Like the Sun Piercing the Clouds: Native American Tribal Newspapers and Their Functions • Teresa Trumbly Lamsam, University of Missouri • In a content analysis of news content, three Native American tribal newspapers were examined for the functions of surveillance, correlation, transmission of culture and entertainment. For these three cases, the findings indicate that these tribal newspapers seldom perform an interpretive or propaganda function. Instead, the analysis shows that nearly 90 percent of the time, the common goal of the three newspapers was to keep tribal members informed of activities of the tribal government, elected tribal officials and tribal members.

A Survey of Asian American Journalists: A Look at Their Job-Related Experiences Due to Ethnicity, and a Look at Their Perceptions of Media Coverage of Asian Americans • Virginia Mansfield-Richardson, Penn State • This paper is a survey of 520 members of the Asian American Journalists Association asking about negative and positive experiences they have had as print, radio and television journalists, which they attribute to their ethnic status as Asian Americans. The survey also asks their opinions of how Asian Americans and issues affecting Asian Americans are being covered in the media today. The answers reveal a great deal of anger, passion, resentment, and bitterness, as well as many positive attitudes that there are advantages to being an Asian American in the news business today.

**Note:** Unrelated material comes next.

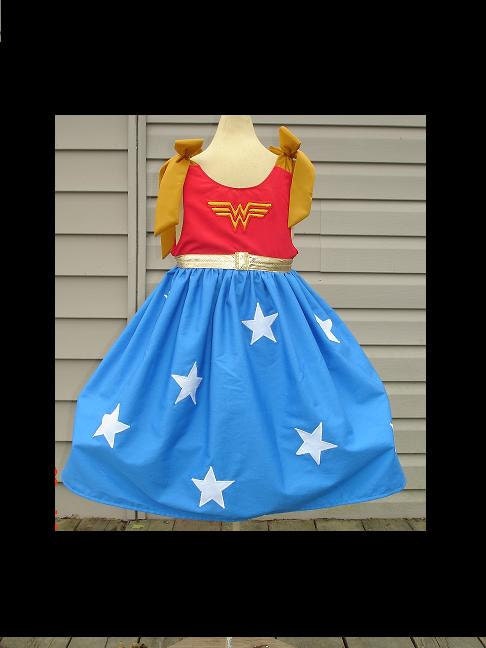 Custom Wonder Woman Embroidered and Appliqued Sundress(-----)Sizes 12M to girls size 8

White and Whiter: Television’s Impediments to Inter-Racial Trust • Andrew Rojecki, Indiana • This paper argues that entertainment television erodes social trust between blacks and whites by constricting the range of inter-racial involvement and intimacy. It does so in two ways: structurally by putting blacks and whites in hierarchical relationships that diminish involvement beyond formal role requirements, and symbolically by stripping blacks of a full-range of human emotion by making them allegorical vessels of white virtue. The project uses the concept of social capital, most recently developed by Robert Putnam, to argue that the store of inter-racial trust depends on horizontal relationships that encourage candor and involvement.

No Racism Here: News Coverage of the Desegregation of the University of Alabama • Jim Sernoe, Midwestern State University • Autherine J. Lucy was one of the first students to enroll at a previously all-white university. Her enrollment at the University of Alabama in February 1956 was very controversial, and after a series of riots and administrative obstacles, Lucy was suspended. Using textual analysis, this paper examines news coverage in the New York Times from February 1956 through March 1957 to determine the frames and themes found in the coverage, concluding that although stereotypes were largely absent, the Times failed to see whites’ racism and blamed most of the problems on Autherine Lucy.

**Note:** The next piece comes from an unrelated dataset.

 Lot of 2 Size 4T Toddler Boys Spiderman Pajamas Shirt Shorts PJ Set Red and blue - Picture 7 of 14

From Yellow Peril through Model Minority to Renewed Yellow Peril • Doobo Shim, University of Wisconsin-Madison • This study is a historical analysis of Asian American portrayals in entertainment media and a contextualization of their meaning in society. The general nature of Asian stereotypes and the racial formation projected in those stereotypes are determined. With the knowledge of this history, the contemporary era’s renewed propensity to depict Asians as illegalists will be understood more clearly.